Pada prinsipnya, secara syar’i terdapat tiga kategorisasi masyarakat yang mensikapi hal ini. Menganggap poligami sebagai sunnah Rasulullah, menganggap poligami sebagai suatu entitas-normatif-religius yang bersifat riil tapi bukan berarti sesuatu yang wajib dilakukan, dan yang terakhir ada entitas sosial yang menganggap poligami sebagai bentuk salah kaprah pemahaman ajaran normatif-religius agama (Islam), untuk tidak menyebut sebagai bentuk ekspoloitasi syahwat dengan berlindung dibalik agama.[7] Ketiga kategori pendapat ini terlihat secara nyata dari diskusi-diskusi facebookers ketika topik poligami dijadikan isu diskusi. Dengan dinamis dan mudahnya Facebook mengakomodir diskusi sensitif ini – tentunya dengan kelebihan sources yang dimilikinya, sebagaimana yang telah dipaparkan sebelumnya – membuat isu poligami menjadi sangat dinamis dan hangat di jejaring sosial facebook. Para facebookers merasa bebas mengemukakan pendapat mereka secara bernas, nyeleneh bahkan terkesan melawan mainstream fiqh yang telah menjadi konsensus ditengah-tengah masyarakat. Melalui teks-teks yang mereka up-load, facebookers telah mampu membentuk wacana dan mempengaruhi opini masyarakat – untuk tidak menyebutkan ”pencerdasan alternatif” – bagi masyarakat (Islam) Indonesia pada umumnya.

Penelitian ini difokuskan pada kategorisasi pensikapan facebookers terhadap wacana poligami. Kemudian juga difokuskan pada bagian-bagian isu yang menjadi trend dikalangan facebookers berkenaan dengan poligami. Selanjutnya, penelitian ini berusaha untuk menganalisis pensikapan pendapat berdasarkan latar belakang pendidikan dan jenis kelamin. Dua hal ini menjadi urgen untuk diteliti dan dianalisis karena diasumsikan faktor pendidikan berkorelasi dan simetris terhadap pensikapan tentang poligami. Demikian juga halnya dengan jenis kelamin yang diasumsikan bahwa facebookers laki-laki lebih dinamis dibandingkan facebookers perempuan yang terkesan resisten terhadap poligami (setidaknya demikian yang terlihat dari data-data yang telah dikumpulkan dalam tahapan grand tour awal). Dalam penelitian ini, batasan masalah diarahkan pada dua hal, yaitu batasan tematik dan batasan temporal.
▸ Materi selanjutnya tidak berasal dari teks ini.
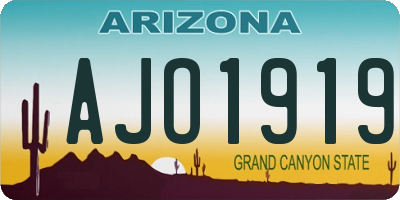 AZ license plate AJO1919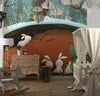 Bunnies and Bear Wallpaper, Sleeping in the Den Mural, Oversized Custom Size Wall Art, Non-Woven, Non-Adhesive, Modern Wall Paper, Removable
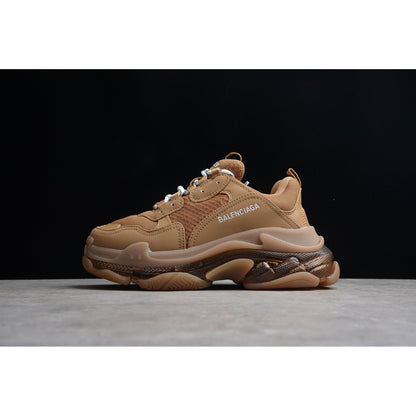 BALENCIAGA Triple S Clear Sole - Sneakers - Brown Unisex Streetwear Limited Edition - The Balenciaga Triple S Clear Sole x Brown reimagines the iconic Triple S sneaker with
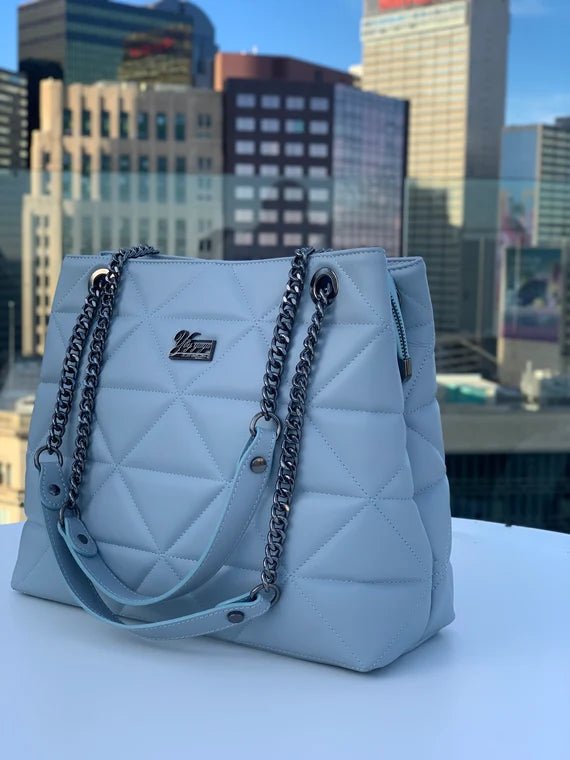 YbY Baby Blue Quilted - Yaya's Luxe Handbags -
Batasan tematik difokuskan pada diskusi mengenai isu poligami (seluruh topik-topik yang berhubungan langsung dengan poligami). Kemudian, batasan temporal dimulai sejak tahun 2009 (dengan rasionalisasi bahwa pada tahun ini, jejaring sosial facebook telah berkembang dengan massif di Indonesia dan pada tahun ini pula isu poligami mengemuka ke ruang publik terutama setelah beberapa tokoh agama melakukan praktek poligami).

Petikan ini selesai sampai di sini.